*** Begin section ***
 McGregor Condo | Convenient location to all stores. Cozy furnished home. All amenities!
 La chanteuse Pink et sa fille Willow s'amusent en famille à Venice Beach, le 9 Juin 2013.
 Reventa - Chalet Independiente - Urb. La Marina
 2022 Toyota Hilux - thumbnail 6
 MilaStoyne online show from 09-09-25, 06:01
*** End section ***
» Instructions for the task:
Starting at the line that holds "2022 Toyota Hilux - thumbnail 6", retype each line exactly through the end of the entries, both ends included.

» Solved problem:
 2022 Toyota Hilux - thumbnail 6
 MilaStoyne online show from 09-09-25, 06:01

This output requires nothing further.